Yes, you are correct. But in normal operation, anomalies should occur very rarely. So much so that HTM will have time to recover from the mis-learning by updating synaptic strengths in the following sequences. Learning even anomaly happens also assists HTM’s ability to adapt to new patterns and distribution shifts gradually.
And that leads to
That is not doable in the NuPIC/HTM.core as the design doesn’t allow it. But other HTM implementation (like mine) does.
Thank you for your reply, I understand what you mean.
However, I still have a confusion. The following is my original data. The black point is the original point, the red point is the HTM anomaly detection result, and the green point is the abnormal data label.
Although the above figure looks good, the HTM algorithm considers some abnormal points (larger values, empirical knowledge) to be normal, as shown in the following figure.
The traditional method is generally based on statistics, and the rise of the gradient beyond the threshold is considered to be the beginning of the abnormality, and continues until the gradient falls below the threshold to conclude the abnormality.
The HTM algorithm considers that some points are normal during this period of time, and some points are abnormal.
I am not quite sure why this is happening.
Can you suggest a possible direction?
I can’t tell for sure without your code. But it looks like HTM (to be specific, the Spatial Pooler) having just started learning and have no idea what’s going on. Remember HTM is doing realtime anomaly detection. It can’t see into the future and determine weather the an anomaly is present. It has to rely on past data.

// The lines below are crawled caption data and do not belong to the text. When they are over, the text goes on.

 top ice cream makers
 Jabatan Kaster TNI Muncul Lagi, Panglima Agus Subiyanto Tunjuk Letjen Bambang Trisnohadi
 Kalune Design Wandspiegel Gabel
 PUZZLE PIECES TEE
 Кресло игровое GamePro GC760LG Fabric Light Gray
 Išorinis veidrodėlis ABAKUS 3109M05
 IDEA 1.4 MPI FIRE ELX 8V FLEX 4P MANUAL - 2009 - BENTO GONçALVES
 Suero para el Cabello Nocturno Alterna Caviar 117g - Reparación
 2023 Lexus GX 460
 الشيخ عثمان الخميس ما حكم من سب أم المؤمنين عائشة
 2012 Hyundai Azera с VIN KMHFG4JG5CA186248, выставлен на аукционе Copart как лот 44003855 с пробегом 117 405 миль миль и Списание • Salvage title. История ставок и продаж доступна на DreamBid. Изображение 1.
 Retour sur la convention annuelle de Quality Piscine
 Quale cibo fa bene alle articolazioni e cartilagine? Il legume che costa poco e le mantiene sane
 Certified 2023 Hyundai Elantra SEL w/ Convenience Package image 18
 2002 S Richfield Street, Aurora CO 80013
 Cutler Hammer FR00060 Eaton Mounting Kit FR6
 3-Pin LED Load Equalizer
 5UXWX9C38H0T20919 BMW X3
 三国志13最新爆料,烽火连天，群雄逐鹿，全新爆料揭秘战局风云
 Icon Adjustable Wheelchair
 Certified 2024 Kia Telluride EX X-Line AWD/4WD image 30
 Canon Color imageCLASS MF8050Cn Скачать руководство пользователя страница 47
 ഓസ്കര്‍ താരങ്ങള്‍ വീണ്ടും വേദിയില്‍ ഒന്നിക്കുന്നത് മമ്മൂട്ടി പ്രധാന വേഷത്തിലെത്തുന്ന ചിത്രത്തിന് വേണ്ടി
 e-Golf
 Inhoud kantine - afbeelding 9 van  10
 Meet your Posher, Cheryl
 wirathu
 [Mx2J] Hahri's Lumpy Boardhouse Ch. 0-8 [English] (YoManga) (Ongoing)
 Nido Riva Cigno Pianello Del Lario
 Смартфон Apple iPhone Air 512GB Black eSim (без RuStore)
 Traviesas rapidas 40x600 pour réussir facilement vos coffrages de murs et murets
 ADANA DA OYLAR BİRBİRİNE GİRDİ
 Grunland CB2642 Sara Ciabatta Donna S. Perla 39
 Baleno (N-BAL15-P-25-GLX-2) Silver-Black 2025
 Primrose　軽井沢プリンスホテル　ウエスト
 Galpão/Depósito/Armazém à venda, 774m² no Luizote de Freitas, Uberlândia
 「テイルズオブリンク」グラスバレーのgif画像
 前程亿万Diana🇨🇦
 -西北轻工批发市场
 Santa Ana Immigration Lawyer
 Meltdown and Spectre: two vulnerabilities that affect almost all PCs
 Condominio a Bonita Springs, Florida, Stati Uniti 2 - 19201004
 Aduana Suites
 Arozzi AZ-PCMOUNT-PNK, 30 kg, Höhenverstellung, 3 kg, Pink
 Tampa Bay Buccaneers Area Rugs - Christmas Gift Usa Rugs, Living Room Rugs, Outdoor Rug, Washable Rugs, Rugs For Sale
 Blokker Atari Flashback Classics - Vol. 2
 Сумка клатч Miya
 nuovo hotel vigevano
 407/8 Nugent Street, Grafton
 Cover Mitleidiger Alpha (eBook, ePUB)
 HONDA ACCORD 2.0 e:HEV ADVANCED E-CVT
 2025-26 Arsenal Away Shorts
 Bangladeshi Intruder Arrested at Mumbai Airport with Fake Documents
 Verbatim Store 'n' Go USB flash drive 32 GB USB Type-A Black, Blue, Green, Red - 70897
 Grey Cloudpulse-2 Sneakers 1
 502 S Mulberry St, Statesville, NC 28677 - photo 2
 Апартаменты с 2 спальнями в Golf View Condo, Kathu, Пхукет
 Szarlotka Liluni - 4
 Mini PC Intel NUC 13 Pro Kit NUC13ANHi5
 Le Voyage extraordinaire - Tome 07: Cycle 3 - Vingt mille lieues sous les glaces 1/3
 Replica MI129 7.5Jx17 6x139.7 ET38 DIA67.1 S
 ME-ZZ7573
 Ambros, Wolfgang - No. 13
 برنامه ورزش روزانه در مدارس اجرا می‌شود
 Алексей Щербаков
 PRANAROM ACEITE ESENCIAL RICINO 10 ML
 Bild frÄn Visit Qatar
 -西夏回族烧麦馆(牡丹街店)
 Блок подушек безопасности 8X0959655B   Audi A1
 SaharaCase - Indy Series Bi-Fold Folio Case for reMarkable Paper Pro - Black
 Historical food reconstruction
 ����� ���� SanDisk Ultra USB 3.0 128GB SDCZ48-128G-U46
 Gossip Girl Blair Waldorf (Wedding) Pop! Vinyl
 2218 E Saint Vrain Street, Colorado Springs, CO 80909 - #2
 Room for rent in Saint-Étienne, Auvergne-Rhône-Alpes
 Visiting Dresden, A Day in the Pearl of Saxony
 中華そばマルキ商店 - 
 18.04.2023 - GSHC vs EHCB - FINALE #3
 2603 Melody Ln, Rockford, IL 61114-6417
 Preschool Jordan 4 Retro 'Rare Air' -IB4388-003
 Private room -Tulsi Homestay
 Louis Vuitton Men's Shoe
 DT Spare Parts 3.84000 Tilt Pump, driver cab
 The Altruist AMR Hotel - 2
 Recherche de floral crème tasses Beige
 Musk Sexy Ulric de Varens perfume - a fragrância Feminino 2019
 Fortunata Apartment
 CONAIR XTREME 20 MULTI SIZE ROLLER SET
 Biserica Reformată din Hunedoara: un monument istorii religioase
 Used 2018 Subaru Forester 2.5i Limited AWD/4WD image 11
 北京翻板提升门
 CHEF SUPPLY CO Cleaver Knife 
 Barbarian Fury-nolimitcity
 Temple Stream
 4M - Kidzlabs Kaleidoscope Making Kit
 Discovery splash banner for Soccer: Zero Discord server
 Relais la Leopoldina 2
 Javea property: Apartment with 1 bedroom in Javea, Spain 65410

I’m currently using the Hot Gym anomaly example script as a template (https://github.com/numenta/nupic/tree/master/examples/opf/clients/hotgym/anomaly) and just made some minor changes to fit my data set.
My data set is similar to the example data set, with about 50,000. The data shown in the above table is about 20,000,so I think HTM has been learning for a long time.
So I am still confused why HTM thinks the yellow point in the above table is normal.
My guess is that it is due to the anomalies you highlighted are at the very beginning of the data. Where the SP haven’t been trained enough.